Not all good speakers are memorable. Not all memorable speakers are good. Why not have both if you can? Here are five tips to become a memorable motivational speaker:
1. Show your personality.
People love a motivational speaker who is true to himself. They love him not only for his speech but for his likeable personality on stage. That is what you call charisma.
When you try to hide your personality for the sake of displaying an air of formality, strictness, or authority, you lose the personal touch that could have helped you connect not only as a speaker, but as a person. In the end, you become less effective because you do not deliver naturally.
Don’t compromise your personality. Let the audience love you for what you are. Use your humor if that is the style you want to establish. Be acerbically candid if that is your personality. Let the audience choose whether they want you or not because at the end of the day, those who want you will support you and those who hate you will find someone else to listen to.
2. Tap the audience’s emotions.
People remember well when they are touched emotionally by a motivational speaker. Your goal is not to share a funny anecdote; rather, it is to make them laugh. Your goal is not to tell a heartwarming story; rather, it is to make them teary-eyed. Your goal is not to make an argument; rather, it is to convince them to take action. There is a whole range of emotions that you can tap into, but you should only do it to make your message clearer.
3. Act big with your presentation.
Why not act big with your presentation if you have all the means in the first place: a good and flexible material, capable devices in the venue, and enough time to do a visually appealing presentation? Big presentations, when done at the right moment and the right way, can make you stand out in the audience’s memories.
Acting big does not mean presenting a speech with annoying exaggeration. It only means using all the resources available to make your delivery clearer and more fun.

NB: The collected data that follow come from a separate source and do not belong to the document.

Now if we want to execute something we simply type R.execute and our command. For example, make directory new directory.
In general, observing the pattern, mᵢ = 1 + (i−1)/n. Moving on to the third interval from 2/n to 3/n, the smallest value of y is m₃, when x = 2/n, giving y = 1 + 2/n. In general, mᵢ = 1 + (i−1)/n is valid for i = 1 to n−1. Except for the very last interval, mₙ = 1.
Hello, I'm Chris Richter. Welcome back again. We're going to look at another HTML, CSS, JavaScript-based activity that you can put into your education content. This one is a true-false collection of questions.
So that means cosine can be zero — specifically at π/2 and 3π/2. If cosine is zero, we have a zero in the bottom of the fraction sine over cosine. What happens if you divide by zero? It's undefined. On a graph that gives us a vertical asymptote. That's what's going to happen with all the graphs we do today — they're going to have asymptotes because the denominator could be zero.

4. Stay on site a little longer.
A motivational speaker who leaves the venue right after delivery loses the chance to reinforce the impression he gave during his speech. The audience expects a speaker to be approachable, so they can be easily disappointed when they see that he hurryingly gets out of sight.

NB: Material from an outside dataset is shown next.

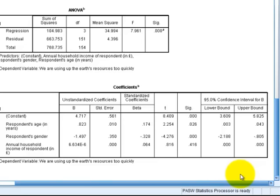If we want to interpret this coefficient, -1.497, it suggests that males have, on average, a score of resources about 1.5 points lower than their female counterparts.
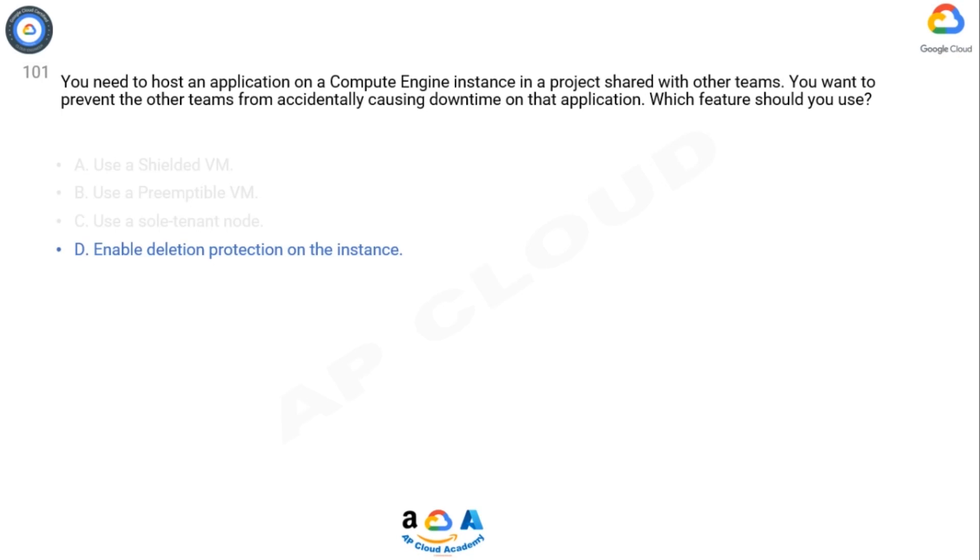Enabling deletion protection adds an extra layer of safety to your instance, preventing accidental terminations and reducing the risk of downtime. This feature helps ensure the stability and availability of your application in a shared project environment.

There are a lot of reasons to stay a little longer in the venue. There are a lot of other after-speech activities to be held to make a lasting impression. For example, you can hold a book-signing session if you are a published author. You can personally sell items to those who want to take home souvenirs. You can talk to random audience members to establish your image as approachable and friendly. It only takes one mouth to spread the news to dozens of other people.
You can also give free consultation to your audience. Maybe some of them want to talk with you for another speaking engagement. There are a lot of opportunities that you might be missing by leaving too early.
5. Meet the audience before you start.
It is easier for a motivational speaker to make an amicable impression when he mingles with the audience before he starts. The audience have less tendency to show prejudice when they have already established a connection with you, whether it was through a short chit-chat or a warm handshake. You can also use this time to get additional information about their problems, preferences, and experiences, which you can use as your future material.
6. Wrap up with a quick list.
The audience won’t remember everything you say, which is why it is important to give a rundown as you end your speech. This can be a quick summary of the topics you discussed or a list of keywords you want them to remember.